General principles of arbitration are as follows:
Arbitrators, or Tribunal members, are commonly appointed by one of three means:
1. Directly by the disputing parties (by mutual agreement, or by each party appointing one arbitrator)
2. By existing tribunal members (For example, each side appoints one arbitrator and then the arbitrators appoint a third)
3. By an external party (For example, the court or an individual or institution nominated by the parties)
Arbitration, while being nicknamed the ‘businessman’s method of resolving disputes’, is governed by state and federal law. Most states have provisions in their civil practice rules for arbitration. These provide a basic template for the arbitration as well as procedures for confirmation of an arbitrator’s award (the document that gives and explains the decision of an arbitrator), a procedure that gives an award the force and effect of a judgment after a trial in a court. Many states have adopted the Uniform Arbitration Act, although some states have specific and individual rules for arbitration.
Classifications Of Arbitration.
1. Commercial Arbitration is the most common of disputes. Just as it sounds, it is a dispute between two commercial enterprises.
2. Consumer Arbitration surrounds disputes between a consumer and a supplier of goods or services.
3. Labor Arbitration involves the settlement of employment related disputes. This form or arbitration can be divided into two main categories: Rights Arbitration and Interest Arbitration.

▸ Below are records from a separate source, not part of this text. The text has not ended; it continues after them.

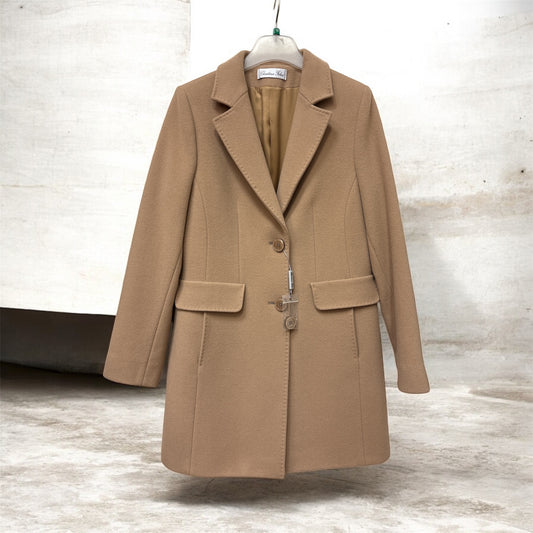 503-4058 Hip Length Stitich Detail Wool Camel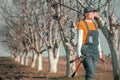 Female gardener posing with telescopic ratchet bypass lopper in walnut orchard ready for pruning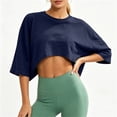 thumbnail image 6 of DYTTDG Women's Loose Fit Cropped Top | Round Neck 3/4 Sleeve Casual Workout T-Shirt Pullover, Sporty Everyday Top, 6 of 8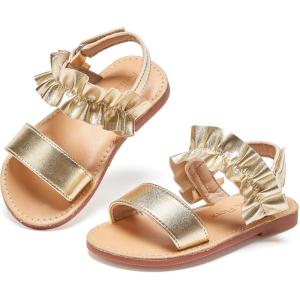imageFelix ampamp Flora Toddler Girl Sandals  Flower Girl Dress Shoes Open Toe Little Kid Summer FlatsBc300bright Gold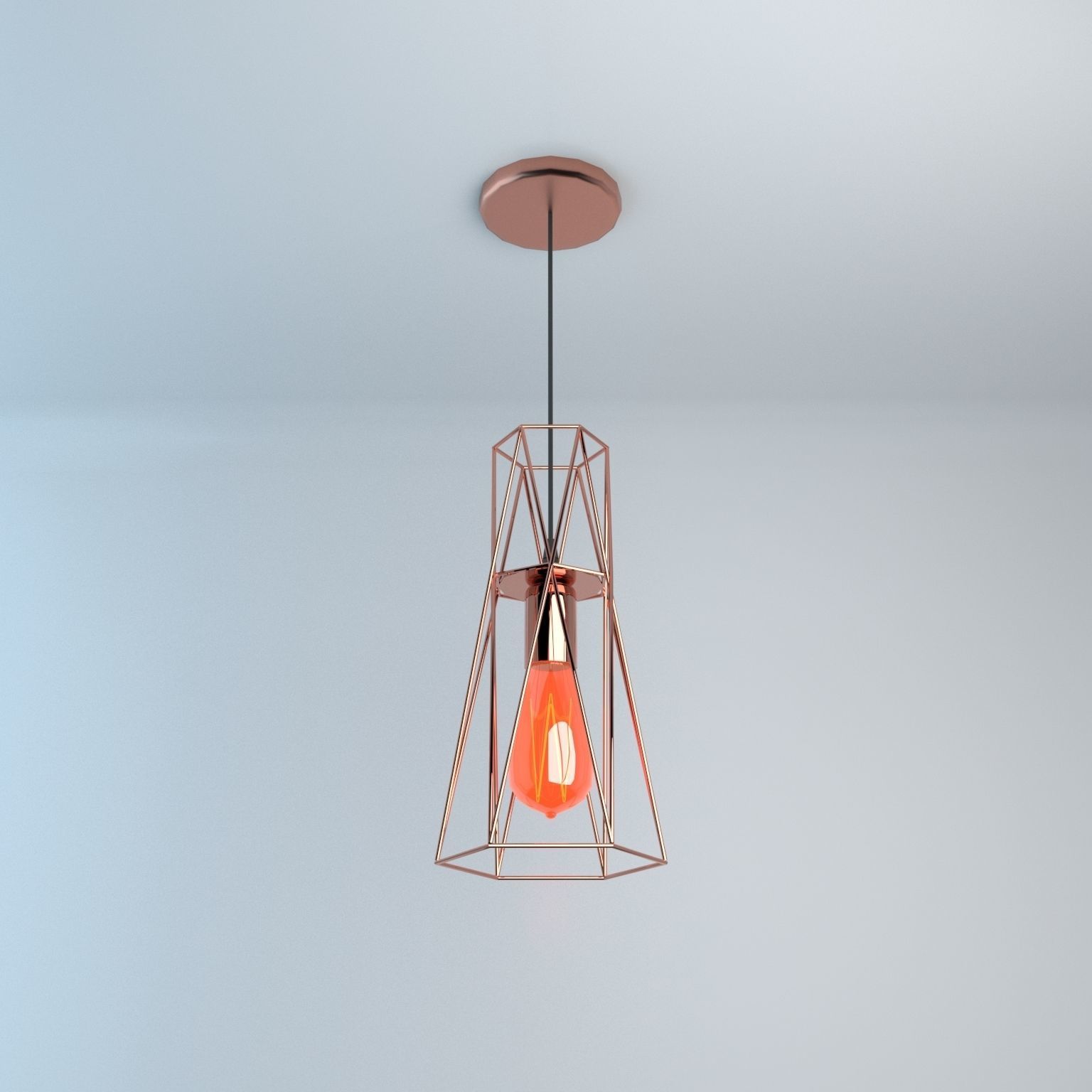 Pack of lamps with vintage bulb Low-poly 3D model_1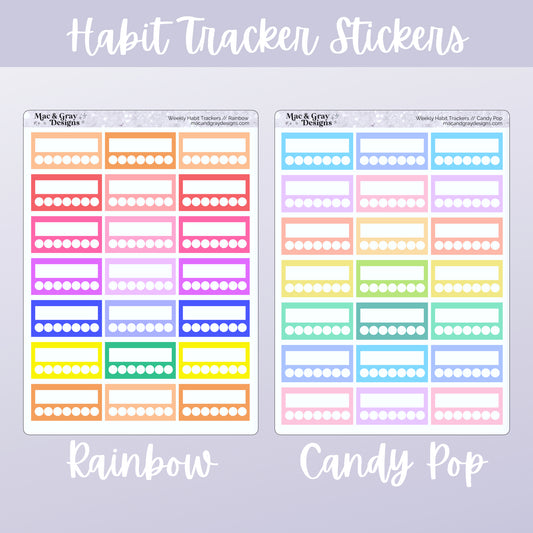 Weekly Habit Tracker Stickers // Planner Sticker Essentials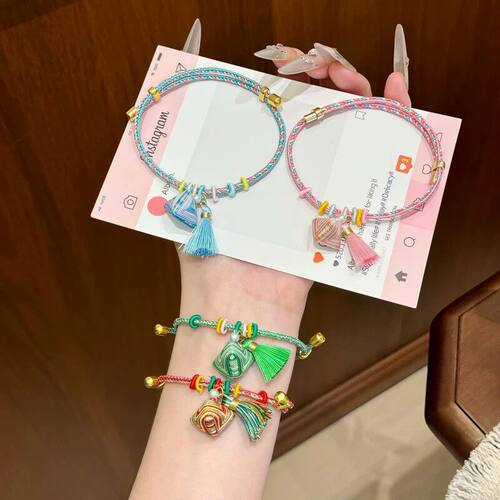 端午五彩流苏古法手工手绳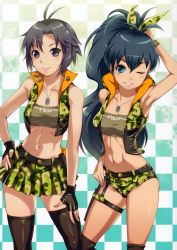 Rule 34 | 2girls, abs, absurdres, antenna hair, arm up, armpits, badge, bandeau, black eyes, black gloves, black hair, button badge, checkered background, collarbone, contrapposto, dog tags, fingerless gloves, ganaha hibiki, gloves, green eyes, grin, hand on own hip, highres, hood, hoodie, idolmaster, idolmaster (classic), kikuchi makoto, long hair, looking at viewer, midriff, mikel (4hands), multiple girls, navel, one eye closed, over-kneehighs, pleated skirt, scan, shirt, short hair, short shorts, shorts, skindentation, skirt, smile, standing, stomach, strapless, taut clothes, taut shirt, thigh strap, thighhighs, tube top, very long hair, vest, wink, wristband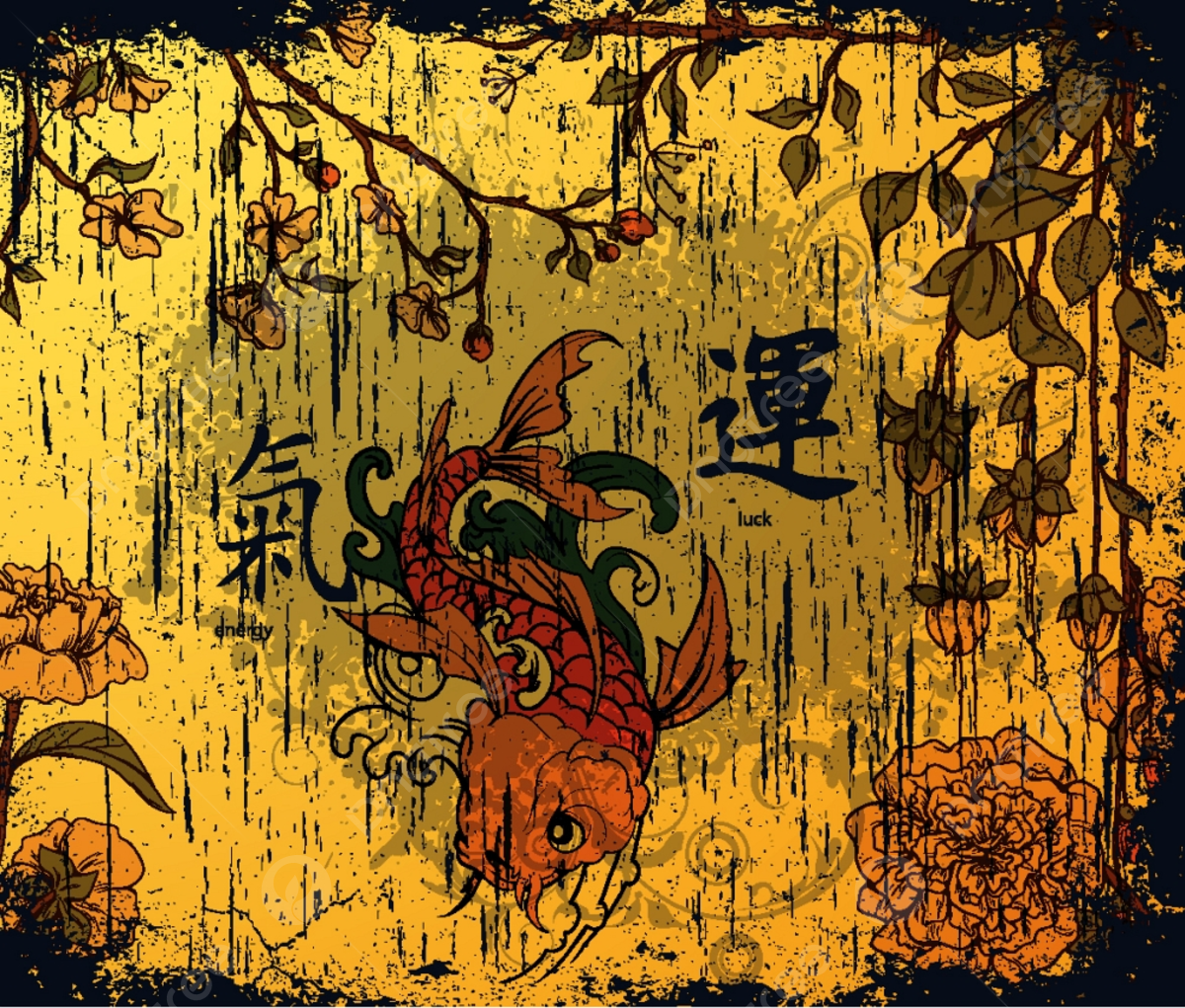 Vector Japanese Background With Koi Fish, Koi, Old, Decoration Background Image And Wallpaper for Free Download
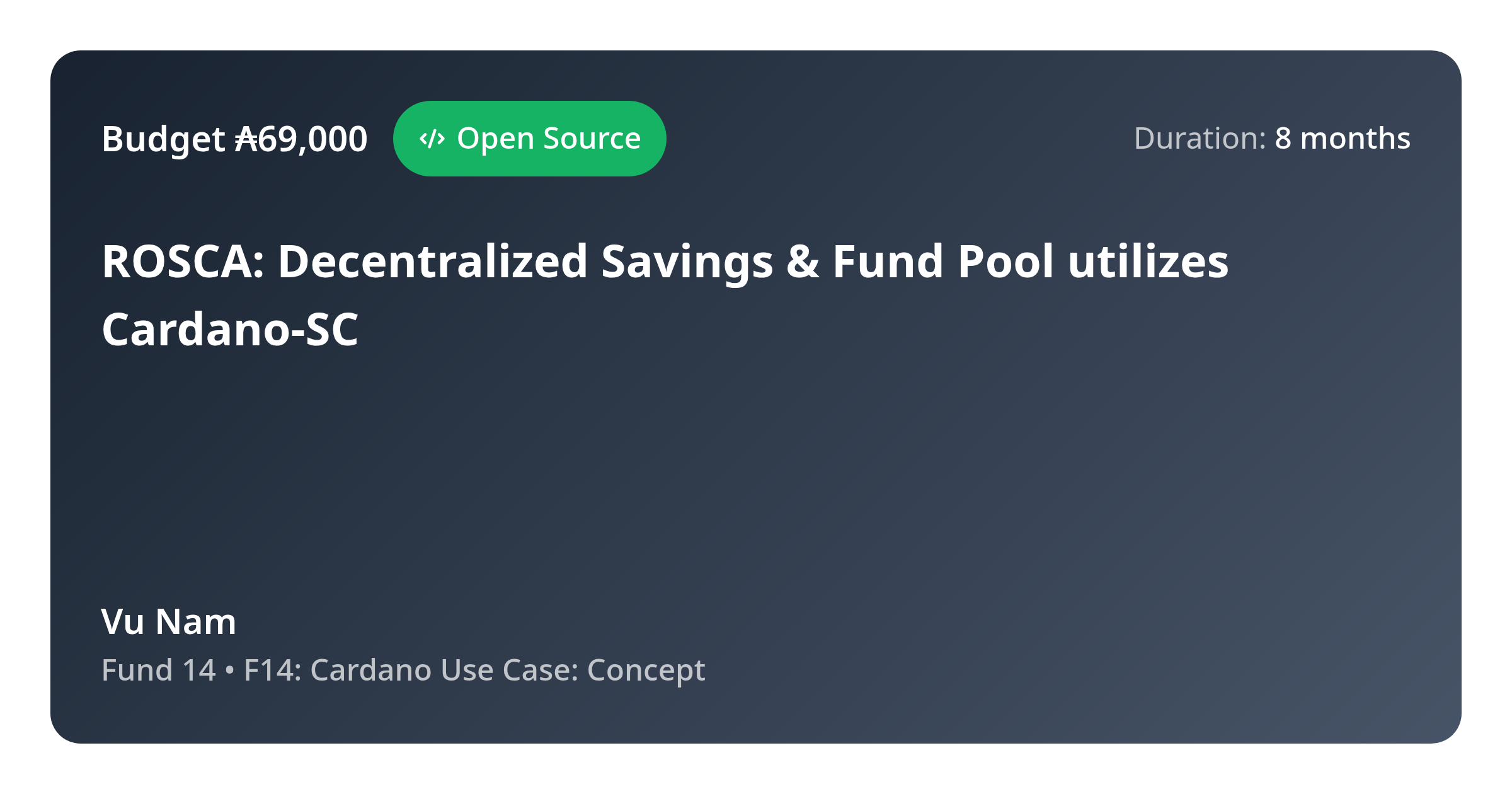ROSCA: Decentralized Savings & Fund Pool utilizes Cardano-SC - Proposal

Rights Arbitration (a.k.a. Grievance Arbitration) deals with the allegation that an existing collective agreement has been violated or misinterpreted. Various legislatures require that the parties who enter into a collective agreement set out a procedure for the handling of disputes and differences. The idea is that parties should be obliged to meet at different steps in their own specific grievance procedure to review and discuss the grievance. However, the fact is that the parties themselves cannot resolve many disputes and for this reason arbitration is necessary so that the matter may be determined. Typical arbitration awards deal with a complaint that a specific item in collective agreement has been violated.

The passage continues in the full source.